Borrowing from Humberto Maturana and Fransisco Varela, Arthur describes this process as autopoiesis, self-creating.
This is a bold claim.
To consider technology as self-creating changes our relationship with the phenomenon. It is not some disparate set of tools which occasionally benefits from the contributions of our best thinkers; it is a growing body of interconnected skills and knowledge which can be infinitely combined and recombined into increasingly complex approaches.
The idea may also be surprising. An iPhone 6 may clearly have evolved from an earlier model, which in turn may owe its heritage to previous computer technology – but what relationship does a modern cell phone have with our earliest tools of rocks and fire?
In Arthur’s reckoning, with a complete inventory of technological innovations one could fully reconstruct a technological evolutionary tree – showing just how each innovation emerged by connecting its predecessors.
This concept may seem odd, but Arthur makes a compelling case for it – outlining several examples of engineering problem solving which essentially boil down to applying existing solutions to novel problems.
Furthermore, Arthur explains that this technological innovation doesn’t occur in a vacuum – not only does it require the constant input of human agency, it grows from humanity’s continual “capturing” of physical phenomena.
“At the very start of technological time, we directly picked up and used phenomena: the heat of fire, the sharpness of flaked obsidian, the momentum of a stone in motion. All that we have achieved since comes from harnessing these and other phenomena, and combining the pieces that result,” Arthur argues.
Through this process of exploring our environment and iteratively using the tools we discover to further explore our environment, technology evolves and builds on itself.
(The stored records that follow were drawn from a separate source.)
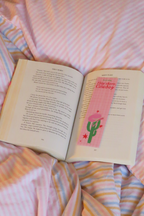 Hey there, cowboy Bookmark!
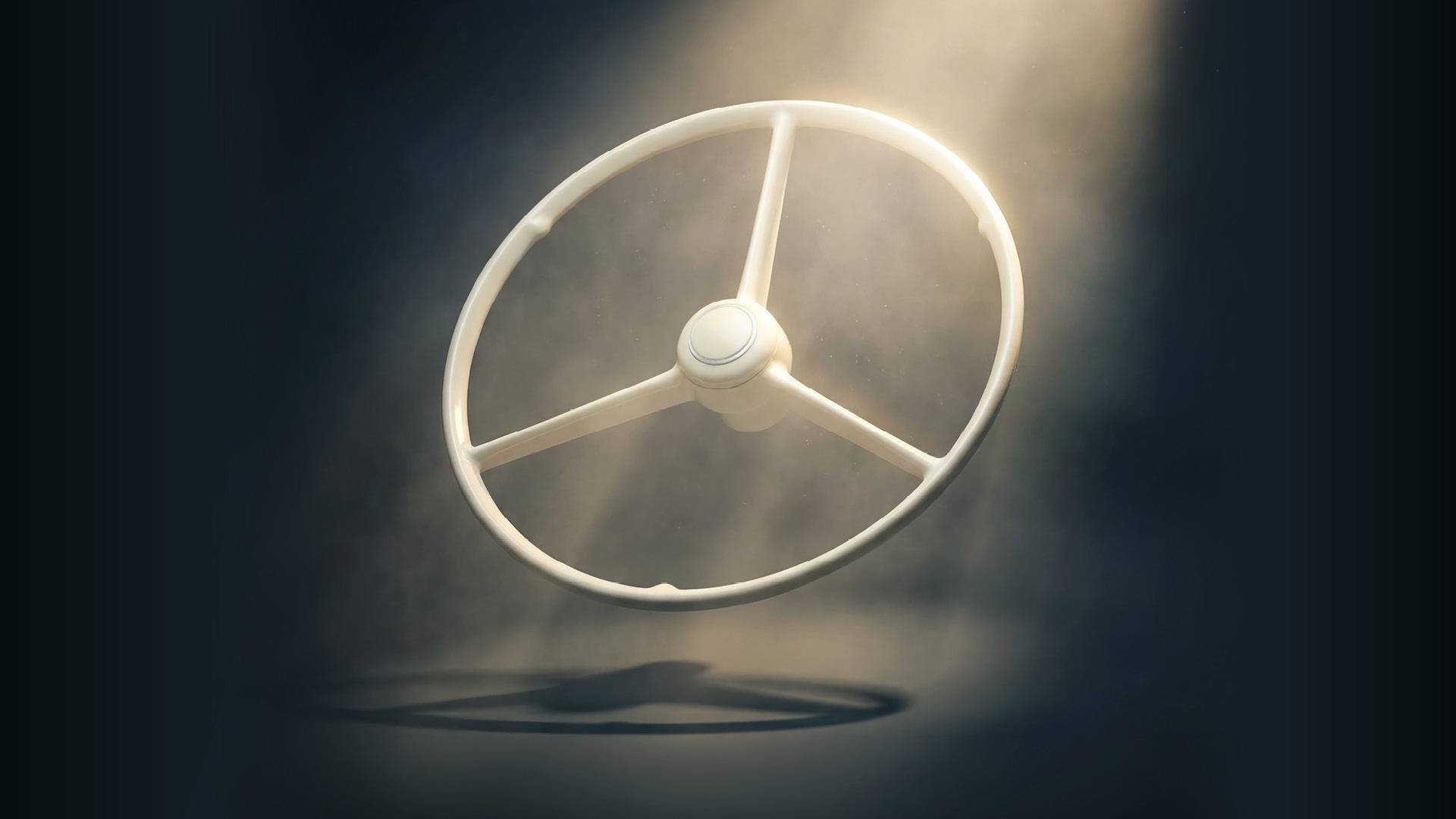 Three-spoke Steering wheels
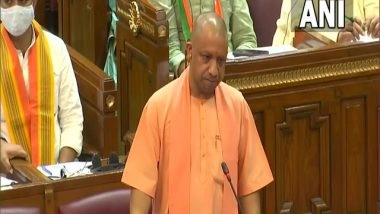 India News | Some People Are Shamelessly Supporting Taliban, They Should Be Exposed: Yogi Adityanath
Arthur concludes that “this account of the self-creation of technology should give us a different feeling about technology.” He explains:
“We begin to get a feeling of ancestry, of a vast body of things that give rise to things, of things that add to the collection and disappear from it. The process by which this happens is neither uniform not smooth; it shows bursts of accretion and avalanches of replacement. It continually explores into the unknown, continually uncovers novel phenomena, continually creates novelty. And it is organic: the new layers form on top of the old, and creations and replacements overlap in time. In its collective sense, technology is not nearly a catalog of individual parts. It is a metabolic chemistry, an almost limitless collective of entities that interact to produce new entities – and further needs. And we should not forget that needs drive the evolution of technology every bit as much as the possibilities for fresh combination and the unearthing of phenomena. Without the presence of unmet needs, nothing novel would appear in technology.”
In the end, I suppose we should not be surprised by the idea of technology’s evolution. It is a human-generated system; as complex and dynamic as any social system. It is vast, ever-changing, and at times unpredictable – but ultimately, at its core, technology is very human.